McQ wrote: Sat Jul 17, 2021 12:40 pm
bobcat2 wrote: Sat Jul 17, 2021 11:58 am
nisiprius wrote: Thu Jul 15, 2021 8:03 pmFor more background see our Wiki article on the Cowles Commission.
From Bogleheads Wiki entry.
The Cowles Commission for Research in Economics was founded in 1932 by economist Alfred Cowles.
Alfred Cowles III was a very interesting man, but he was not an economist despite what Wikipedia says. He was a newspaper reporter and came from a wealthy family. In the mid 1920's he came down with TB and spent about 10 years of treatment by bed rest in a Colorado Springs sanatorium.

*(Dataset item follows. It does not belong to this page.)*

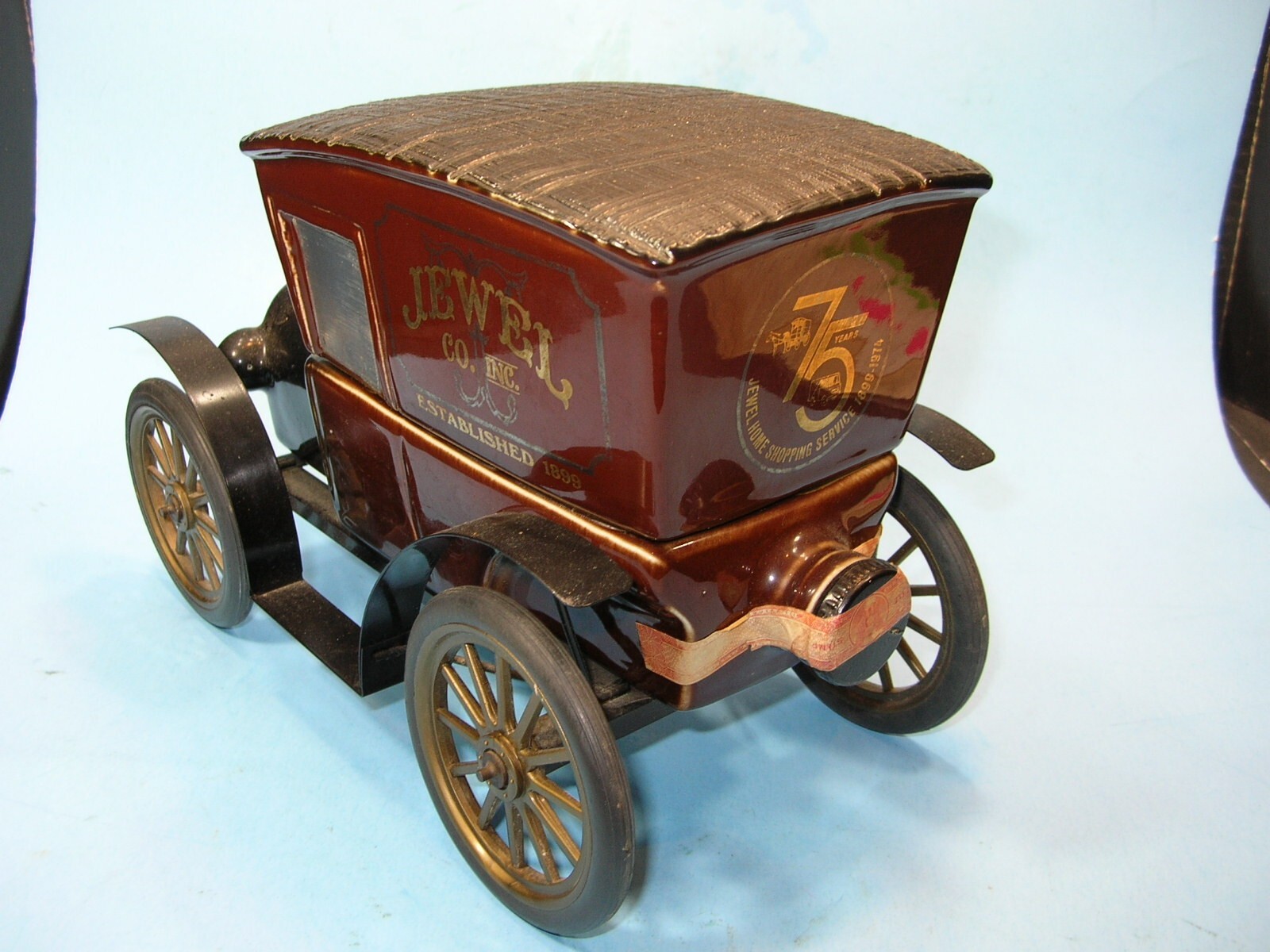 Empty JIM BEAM DECANTER of JEWEL TEA Model A DELIVERY TRUCK eBay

During his stay in Colorado Springs he began investigating the stock market as a thorough and creative amateur. He became particularly interested after his family lost a great deal of money in the stock market crash of '29. Sensing he needed the help of pros, in 1932 he asked a mathematician he knew what professionals he should call on for help. The man suggested contacting the Econometric Society, which had been established just two years earlier. Cowles then wrote to Yale economist Irving Fisher, the president of the Econometric Society. The two immediately hit it off since Fisher has been a friend of Cowles' father when they were both undergrads at Yale, and Fisher was a health fanatic who had himself overcome TB. An agreement was reached that Cowles would fund the fledgling Society by establishing the Cowles Commision for Research in Economics and its new journal Econometrica. In return the Commission would focus much of its early research on the stock market.

BTW Cowles is pronounced 'Coles' not 'Cowells'. A fact I learned the hard way when speaking to a receptionist at the Cowles Foundation now located at Yale. :wink:

BobK
Hello bobcat2: I knew Cowles was not trained as an economist (but certainly didn't know how to pronounce the name correctly!). Also knew some other facts from standard sources but not some of the other facts you noted (e.g., TB, Irving Fisher connection, not an investor but an amateur, journalist). You must have read a biography or retrospective, could you link for us?
Most of my information comes from Peter Bernstein's book, Capital Ideas, which is an excellent overview of how financial economics developed.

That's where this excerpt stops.